In a crowded marketplace, this is a company accurately targeting what Boyd described as “the mythical millennial customer.”

From automated luggage transporters that don’t require a tip, to 200% occupancy (making rooms available shortly after check-out so they are sold twice-daily) and quick fixes online such as urgency flags - the company recently saw website sales overtake OTA for the first time in 4 years.

The key to their success is a truly digital strategy; data-based decision-making, tracking everything and “content, content, content!” With this, a tiny team is delivering a big effect for the business.

A key message from Fergus that I have also learned from experience:

“Working within constraints makes you more creative!”

John Bustard from the University of Ulster also took us through his solutions for creativity within constraints via the work they did on social channels for the Causeway Coast Golf Tournament.

Likewise, I enjoyed the Eastside Arts Festival video showcasing the local business benefits of this Summer’s Van Morrison Cyprus Avenue concert. Stuart Bailey, one of the founding members of the Oh Yeah Music Centre in Belfast convinced us of the worth of music tourism - an apparent £84 million to the NI economy alone - and explained how the experiential nature of music lends itself so well to social sharing, reaching millions of people without advertising spend:

“The reputation of a city as a music city is a great asset to the tourist industry.”

Engaging Travel Bloggers

My morning ended with an insightful workshop I had signed up to attend led by Nial Toner at The Tomorrow Lab, who I know personally as not only a leader in this field through his work with among others, but who also understands the other side of the coin, running a blog with his good Ladywife.

He reminded us of the importance of engaging all types of bloggers - not just those who speak to the buying audience, but also those followed by audiences like information seekers or those with large social followings who can amplify your brand, even if audiences aren’t at the point of purchase.

Nial showed us tools such as Follower Wonk for searching Twitter bios to find the travel bloggers, utilising Twitter Lists to mine existing information. He explained how to “search smarter” using .ie or .fr to find bloggers in certain countries for example and even using LinkedIn, all too often ignored in blogger research.

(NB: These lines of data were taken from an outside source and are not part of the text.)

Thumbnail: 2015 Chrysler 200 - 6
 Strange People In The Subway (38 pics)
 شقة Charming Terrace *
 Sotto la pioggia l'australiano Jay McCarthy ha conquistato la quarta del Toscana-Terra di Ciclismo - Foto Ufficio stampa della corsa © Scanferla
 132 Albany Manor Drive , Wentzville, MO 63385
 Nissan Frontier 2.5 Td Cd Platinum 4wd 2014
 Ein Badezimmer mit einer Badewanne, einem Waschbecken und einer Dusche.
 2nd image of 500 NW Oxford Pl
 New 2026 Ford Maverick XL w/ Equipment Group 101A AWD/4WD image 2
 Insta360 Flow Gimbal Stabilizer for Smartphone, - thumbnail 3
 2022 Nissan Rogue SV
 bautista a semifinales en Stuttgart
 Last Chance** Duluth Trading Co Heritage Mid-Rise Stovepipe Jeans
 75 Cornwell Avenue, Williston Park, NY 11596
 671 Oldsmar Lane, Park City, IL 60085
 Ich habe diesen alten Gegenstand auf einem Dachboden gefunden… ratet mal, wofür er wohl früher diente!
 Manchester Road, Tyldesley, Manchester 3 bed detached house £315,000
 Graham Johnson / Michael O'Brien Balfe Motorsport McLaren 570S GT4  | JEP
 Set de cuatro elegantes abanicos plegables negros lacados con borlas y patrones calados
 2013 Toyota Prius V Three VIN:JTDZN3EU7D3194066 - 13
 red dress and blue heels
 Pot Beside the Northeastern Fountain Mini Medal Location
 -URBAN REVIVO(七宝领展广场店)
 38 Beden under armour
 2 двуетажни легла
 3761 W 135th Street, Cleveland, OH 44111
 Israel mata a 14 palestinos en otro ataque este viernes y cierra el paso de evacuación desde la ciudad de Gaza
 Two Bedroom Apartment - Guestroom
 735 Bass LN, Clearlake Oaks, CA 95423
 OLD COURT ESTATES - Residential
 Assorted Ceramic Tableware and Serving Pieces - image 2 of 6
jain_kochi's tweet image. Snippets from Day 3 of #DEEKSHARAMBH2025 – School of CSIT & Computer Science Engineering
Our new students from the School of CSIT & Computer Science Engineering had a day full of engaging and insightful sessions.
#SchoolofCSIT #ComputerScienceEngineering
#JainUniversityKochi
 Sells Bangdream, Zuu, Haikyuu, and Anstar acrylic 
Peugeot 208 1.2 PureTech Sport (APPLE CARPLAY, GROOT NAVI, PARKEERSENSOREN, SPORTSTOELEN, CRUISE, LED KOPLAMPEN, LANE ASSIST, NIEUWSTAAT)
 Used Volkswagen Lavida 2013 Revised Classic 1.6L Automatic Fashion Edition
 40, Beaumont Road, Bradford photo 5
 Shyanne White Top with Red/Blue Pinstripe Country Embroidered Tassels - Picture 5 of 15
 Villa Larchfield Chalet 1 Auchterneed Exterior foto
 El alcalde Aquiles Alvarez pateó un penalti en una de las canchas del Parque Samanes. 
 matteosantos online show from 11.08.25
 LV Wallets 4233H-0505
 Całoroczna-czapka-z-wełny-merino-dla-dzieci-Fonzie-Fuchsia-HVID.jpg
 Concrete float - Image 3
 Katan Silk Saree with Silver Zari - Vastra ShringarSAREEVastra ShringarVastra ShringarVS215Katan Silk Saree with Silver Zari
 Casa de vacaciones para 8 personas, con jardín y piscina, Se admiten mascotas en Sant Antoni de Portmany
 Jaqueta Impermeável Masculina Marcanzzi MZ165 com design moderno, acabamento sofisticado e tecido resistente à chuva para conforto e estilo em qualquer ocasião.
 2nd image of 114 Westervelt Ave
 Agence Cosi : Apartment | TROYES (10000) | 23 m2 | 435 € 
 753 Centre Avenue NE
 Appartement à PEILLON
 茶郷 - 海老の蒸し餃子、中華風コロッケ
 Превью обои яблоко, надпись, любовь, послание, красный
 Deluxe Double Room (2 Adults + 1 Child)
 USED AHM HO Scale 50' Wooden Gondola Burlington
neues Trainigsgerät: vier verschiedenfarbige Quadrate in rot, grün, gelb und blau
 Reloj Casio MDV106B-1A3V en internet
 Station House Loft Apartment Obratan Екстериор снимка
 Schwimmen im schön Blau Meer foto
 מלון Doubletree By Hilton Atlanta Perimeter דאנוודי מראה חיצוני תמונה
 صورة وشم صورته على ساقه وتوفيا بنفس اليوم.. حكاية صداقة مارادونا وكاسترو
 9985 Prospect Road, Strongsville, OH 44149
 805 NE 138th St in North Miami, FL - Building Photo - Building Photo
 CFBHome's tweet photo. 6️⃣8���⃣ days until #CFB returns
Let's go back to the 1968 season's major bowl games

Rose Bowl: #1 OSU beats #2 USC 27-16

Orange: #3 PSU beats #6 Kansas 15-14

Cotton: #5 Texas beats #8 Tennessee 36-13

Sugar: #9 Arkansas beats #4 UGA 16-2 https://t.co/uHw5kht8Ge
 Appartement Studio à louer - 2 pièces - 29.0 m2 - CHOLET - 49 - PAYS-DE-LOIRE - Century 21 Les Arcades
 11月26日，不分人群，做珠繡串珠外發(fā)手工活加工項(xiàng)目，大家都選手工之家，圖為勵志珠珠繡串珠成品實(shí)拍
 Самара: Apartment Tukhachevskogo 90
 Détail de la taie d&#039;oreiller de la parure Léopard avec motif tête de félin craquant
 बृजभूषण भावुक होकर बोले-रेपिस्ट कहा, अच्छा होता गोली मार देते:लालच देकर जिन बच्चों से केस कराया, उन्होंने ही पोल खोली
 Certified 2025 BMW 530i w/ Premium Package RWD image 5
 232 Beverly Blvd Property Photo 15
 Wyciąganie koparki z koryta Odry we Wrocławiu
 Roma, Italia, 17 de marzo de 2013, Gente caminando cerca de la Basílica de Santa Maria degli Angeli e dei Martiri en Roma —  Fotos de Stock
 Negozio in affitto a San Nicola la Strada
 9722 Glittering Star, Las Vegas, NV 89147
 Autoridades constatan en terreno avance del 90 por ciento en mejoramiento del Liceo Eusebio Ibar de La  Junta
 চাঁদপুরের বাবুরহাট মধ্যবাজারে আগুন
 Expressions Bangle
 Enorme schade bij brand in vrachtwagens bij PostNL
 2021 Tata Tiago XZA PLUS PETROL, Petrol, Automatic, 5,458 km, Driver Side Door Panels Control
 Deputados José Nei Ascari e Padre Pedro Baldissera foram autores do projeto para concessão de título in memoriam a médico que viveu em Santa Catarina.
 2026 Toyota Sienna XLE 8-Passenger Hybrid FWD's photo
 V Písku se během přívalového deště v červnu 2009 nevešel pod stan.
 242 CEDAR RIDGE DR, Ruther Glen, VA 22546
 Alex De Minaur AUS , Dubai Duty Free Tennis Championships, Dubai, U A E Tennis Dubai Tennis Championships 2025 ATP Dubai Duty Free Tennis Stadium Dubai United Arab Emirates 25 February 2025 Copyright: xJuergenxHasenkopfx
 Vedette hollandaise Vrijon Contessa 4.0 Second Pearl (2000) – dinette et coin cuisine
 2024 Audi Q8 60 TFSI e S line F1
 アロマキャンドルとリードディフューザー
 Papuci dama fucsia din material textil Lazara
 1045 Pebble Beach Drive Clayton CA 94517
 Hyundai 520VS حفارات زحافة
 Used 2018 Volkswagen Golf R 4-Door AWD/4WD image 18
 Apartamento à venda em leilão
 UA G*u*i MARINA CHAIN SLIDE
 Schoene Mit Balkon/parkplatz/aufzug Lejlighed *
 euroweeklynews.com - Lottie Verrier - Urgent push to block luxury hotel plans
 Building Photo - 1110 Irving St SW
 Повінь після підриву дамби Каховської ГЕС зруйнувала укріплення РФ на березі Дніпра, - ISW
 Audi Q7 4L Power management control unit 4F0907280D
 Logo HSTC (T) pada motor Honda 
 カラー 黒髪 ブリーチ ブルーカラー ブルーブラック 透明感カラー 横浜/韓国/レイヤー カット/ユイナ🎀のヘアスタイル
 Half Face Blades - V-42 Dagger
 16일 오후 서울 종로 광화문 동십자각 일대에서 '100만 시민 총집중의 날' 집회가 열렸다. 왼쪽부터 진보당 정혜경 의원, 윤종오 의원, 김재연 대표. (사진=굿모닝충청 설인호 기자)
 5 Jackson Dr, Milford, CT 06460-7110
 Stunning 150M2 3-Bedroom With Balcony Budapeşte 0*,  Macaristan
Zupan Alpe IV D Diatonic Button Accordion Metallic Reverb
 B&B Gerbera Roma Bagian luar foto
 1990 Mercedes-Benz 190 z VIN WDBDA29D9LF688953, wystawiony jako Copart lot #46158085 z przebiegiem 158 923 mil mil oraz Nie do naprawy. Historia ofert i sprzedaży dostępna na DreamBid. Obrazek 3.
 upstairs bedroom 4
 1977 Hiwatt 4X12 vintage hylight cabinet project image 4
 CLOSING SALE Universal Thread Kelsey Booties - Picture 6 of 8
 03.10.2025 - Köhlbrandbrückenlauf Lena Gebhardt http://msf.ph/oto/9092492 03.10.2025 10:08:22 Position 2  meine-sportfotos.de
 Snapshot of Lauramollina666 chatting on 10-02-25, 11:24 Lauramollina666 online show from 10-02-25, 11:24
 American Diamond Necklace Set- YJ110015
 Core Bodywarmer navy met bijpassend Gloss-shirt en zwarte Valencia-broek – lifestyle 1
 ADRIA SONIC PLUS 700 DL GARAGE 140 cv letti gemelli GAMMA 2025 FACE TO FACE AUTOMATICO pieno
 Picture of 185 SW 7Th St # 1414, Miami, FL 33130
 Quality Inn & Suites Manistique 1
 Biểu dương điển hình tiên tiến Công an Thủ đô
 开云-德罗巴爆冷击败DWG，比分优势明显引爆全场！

He then promoted tools like Majestic SEO or Chrome plugins like Moz to measure link value or organic search value by understanding metrics like Citation Flow and Trust Flow. The important message was to decide what you ultimately want - be it domain authority or social following - and then test it’s value with tools such as Twitter Audit, counting social shares or checking subscriber numbers.

Nial also advised the workshop attendees on how to gather contact information from curated blog lists quickly but more importantly, how to pitch to them respectfully and effectively:

  • Familiarising yourself with their blog
  • Researching popular content online through Buzzfeed and Buzzsumo for example, to come armed with interesting ideas for the partnership
  • Interacting on social channels before approaching
  • Making the approach personal by finding out and using their real name!

He cited the famous “100 ideas in 30 minutes” tactic for content inspiration, which brought home to me the things I miss about working in a team everyday!

All of the learning was underpinned by examples of their own engagement with bloggers for last year’s #ExpediaExplores campaign in Ireland - which resulted in an 18% increase in sales and was shortlisted for Best Use of Social Media in Search in the European Search Awards - and this year’s Sporting Experiences campaign with vloggers.

A key message was one that many marketers still don’t accept;

“Expect to pay for a blogger’s time, in the same way you would pay a designer, or any creative, for their work.”

I could go on, but I realise this blog is already too long for most folk! Needless to say, another morning well-spent with Digital DNA and I can’t recommend their events enough based on the quality of the 2015 offering so far. Well done all involved!